You see face monsters every day. Especially if you work on the Upper East Side of Manhattan. Or, if you serve on the board of an impressive, yet elitist arts organization. Or, if you sell coats for tiny dogs.

[Note: I've focused on women here, but of course there are male face monsters. Think any man wearing Ralph Lauren. Or, men with a tan after November. Also, any Southern politician.]

I don’t want to brag, but I think I think “face monster” amazingly poetic. Succinct and true, it highlights an overlooked detail of experience and shows it to be universal. Words have the power to do that.
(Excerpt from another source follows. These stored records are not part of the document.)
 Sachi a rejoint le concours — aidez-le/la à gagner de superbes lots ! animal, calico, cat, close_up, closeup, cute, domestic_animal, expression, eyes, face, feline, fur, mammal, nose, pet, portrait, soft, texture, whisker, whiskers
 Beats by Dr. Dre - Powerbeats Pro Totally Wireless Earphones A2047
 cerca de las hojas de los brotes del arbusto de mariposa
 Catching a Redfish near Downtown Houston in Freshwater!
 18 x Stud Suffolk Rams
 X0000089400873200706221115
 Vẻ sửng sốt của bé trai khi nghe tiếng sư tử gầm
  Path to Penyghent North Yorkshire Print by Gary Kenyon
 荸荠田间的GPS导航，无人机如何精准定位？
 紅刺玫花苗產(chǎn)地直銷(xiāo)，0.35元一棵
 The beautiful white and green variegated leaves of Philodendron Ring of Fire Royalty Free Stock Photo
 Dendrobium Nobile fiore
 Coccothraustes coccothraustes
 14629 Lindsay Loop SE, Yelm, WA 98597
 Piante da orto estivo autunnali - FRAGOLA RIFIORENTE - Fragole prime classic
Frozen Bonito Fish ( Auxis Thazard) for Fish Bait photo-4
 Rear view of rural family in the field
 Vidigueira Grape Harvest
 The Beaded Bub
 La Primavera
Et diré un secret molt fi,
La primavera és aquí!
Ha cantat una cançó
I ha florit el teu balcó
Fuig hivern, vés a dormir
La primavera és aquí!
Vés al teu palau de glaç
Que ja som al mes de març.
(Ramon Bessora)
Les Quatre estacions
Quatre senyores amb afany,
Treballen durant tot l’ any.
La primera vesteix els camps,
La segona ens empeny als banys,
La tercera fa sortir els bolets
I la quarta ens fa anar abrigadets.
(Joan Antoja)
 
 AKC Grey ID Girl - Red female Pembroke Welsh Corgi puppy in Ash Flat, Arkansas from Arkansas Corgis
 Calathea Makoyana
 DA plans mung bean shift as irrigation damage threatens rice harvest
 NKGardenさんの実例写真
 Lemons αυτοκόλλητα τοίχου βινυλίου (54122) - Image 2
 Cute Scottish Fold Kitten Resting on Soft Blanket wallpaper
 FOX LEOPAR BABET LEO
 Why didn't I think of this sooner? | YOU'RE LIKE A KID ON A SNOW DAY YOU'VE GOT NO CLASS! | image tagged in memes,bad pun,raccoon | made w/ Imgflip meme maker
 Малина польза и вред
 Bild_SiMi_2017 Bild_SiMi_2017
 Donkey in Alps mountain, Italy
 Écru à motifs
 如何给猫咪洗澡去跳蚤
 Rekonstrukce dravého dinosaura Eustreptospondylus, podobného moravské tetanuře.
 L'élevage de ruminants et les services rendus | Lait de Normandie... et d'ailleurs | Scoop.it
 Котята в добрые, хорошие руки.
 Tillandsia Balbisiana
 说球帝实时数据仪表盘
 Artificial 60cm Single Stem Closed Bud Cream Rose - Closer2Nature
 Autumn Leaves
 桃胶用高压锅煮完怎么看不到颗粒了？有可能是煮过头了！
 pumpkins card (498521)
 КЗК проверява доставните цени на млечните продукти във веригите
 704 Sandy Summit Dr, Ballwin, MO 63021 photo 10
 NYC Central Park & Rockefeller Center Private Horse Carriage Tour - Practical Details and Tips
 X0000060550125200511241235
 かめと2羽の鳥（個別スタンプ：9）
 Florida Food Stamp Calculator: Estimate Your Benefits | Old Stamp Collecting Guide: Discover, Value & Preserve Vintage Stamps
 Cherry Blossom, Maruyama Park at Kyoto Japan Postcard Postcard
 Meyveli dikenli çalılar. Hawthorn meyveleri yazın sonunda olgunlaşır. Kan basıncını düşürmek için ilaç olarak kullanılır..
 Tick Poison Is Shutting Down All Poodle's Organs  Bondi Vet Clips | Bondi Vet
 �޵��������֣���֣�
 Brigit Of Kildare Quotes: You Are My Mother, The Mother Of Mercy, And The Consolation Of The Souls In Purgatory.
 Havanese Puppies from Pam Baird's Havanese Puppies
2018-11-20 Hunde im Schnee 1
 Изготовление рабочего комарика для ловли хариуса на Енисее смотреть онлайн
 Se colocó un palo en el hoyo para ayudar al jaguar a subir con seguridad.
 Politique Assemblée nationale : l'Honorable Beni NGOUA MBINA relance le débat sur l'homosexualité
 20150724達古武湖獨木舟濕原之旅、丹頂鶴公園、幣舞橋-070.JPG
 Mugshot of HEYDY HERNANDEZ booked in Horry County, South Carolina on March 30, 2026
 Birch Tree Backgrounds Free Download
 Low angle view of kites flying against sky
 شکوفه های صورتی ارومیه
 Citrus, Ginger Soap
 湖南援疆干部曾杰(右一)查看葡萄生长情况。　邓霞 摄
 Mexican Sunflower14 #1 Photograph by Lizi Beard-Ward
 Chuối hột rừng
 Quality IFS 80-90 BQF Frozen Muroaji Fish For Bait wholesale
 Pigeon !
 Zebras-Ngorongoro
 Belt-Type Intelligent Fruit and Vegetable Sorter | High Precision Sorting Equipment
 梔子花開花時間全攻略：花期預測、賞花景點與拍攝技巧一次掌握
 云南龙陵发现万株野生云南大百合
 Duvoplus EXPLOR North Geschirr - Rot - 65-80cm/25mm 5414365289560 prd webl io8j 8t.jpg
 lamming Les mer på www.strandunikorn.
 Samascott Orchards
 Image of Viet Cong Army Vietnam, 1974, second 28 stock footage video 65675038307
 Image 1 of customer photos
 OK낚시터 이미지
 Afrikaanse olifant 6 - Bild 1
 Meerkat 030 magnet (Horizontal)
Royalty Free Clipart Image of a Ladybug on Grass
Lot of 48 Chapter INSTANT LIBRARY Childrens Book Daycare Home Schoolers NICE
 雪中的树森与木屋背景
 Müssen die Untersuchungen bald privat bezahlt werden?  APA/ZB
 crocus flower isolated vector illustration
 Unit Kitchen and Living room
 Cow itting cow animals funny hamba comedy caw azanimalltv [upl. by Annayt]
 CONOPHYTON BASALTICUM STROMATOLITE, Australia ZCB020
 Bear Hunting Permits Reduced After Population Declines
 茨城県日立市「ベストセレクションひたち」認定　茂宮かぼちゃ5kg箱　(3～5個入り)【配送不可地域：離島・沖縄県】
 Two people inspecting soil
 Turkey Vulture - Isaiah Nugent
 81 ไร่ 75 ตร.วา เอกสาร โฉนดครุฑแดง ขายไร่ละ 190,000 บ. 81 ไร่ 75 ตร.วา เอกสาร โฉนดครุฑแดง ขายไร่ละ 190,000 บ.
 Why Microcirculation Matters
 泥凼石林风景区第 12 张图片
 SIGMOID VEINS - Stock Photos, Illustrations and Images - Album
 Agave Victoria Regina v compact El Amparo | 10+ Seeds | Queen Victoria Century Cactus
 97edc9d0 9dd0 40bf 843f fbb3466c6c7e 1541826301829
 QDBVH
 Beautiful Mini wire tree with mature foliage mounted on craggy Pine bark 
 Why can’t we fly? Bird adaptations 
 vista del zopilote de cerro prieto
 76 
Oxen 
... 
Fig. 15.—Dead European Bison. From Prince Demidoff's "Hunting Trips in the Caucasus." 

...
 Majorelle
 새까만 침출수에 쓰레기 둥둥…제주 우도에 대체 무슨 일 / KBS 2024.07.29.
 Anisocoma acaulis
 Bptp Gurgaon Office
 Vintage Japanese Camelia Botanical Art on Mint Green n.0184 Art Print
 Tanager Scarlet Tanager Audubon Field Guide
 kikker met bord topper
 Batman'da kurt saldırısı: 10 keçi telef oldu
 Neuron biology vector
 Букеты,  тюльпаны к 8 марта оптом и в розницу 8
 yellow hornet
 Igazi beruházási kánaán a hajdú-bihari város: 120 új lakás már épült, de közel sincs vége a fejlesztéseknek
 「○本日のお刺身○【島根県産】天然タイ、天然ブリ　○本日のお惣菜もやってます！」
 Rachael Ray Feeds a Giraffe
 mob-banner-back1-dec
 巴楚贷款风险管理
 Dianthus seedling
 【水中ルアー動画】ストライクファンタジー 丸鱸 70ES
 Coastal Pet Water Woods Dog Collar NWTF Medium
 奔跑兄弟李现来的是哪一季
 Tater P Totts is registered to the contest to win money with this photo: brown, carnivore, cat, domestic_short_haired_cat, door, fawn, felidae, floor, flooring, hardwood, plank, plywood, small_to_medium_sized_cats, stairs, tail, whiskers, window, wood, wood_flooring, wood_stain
They can say, “Hey, you may feel isolated and adrift, but at least we can all agree that this lady in the fur coat and yoga pants is a horrible face monster.” You see? You’re not alone.

According to responses to my Facebook status, the term “face monster” is spreading like wildfire. It’s already reached the West Coast. It makes sense. That is the epicenter of face monsterism. But, interestingly, it just as quickly penetrated the heartland. One responder has already begun describing suburban Wisconsinites as face monsters. Interesting, right?

I expect it to reach across the entire globe soon. Especially now that I’ve posted it to this blog. I’ve read The Tipping Point. I know how this shit works.

Soon--maybe as early as tomorrow--some young child in the Luxembourg will look up at his grandmother. He’ll see her Hermes scarf and the tiny lip scab from the morning’s collagen injection. And, at that moment, he will finally have a word for her. “Face monster.”

You’re welcome, little boy … You’re welcome.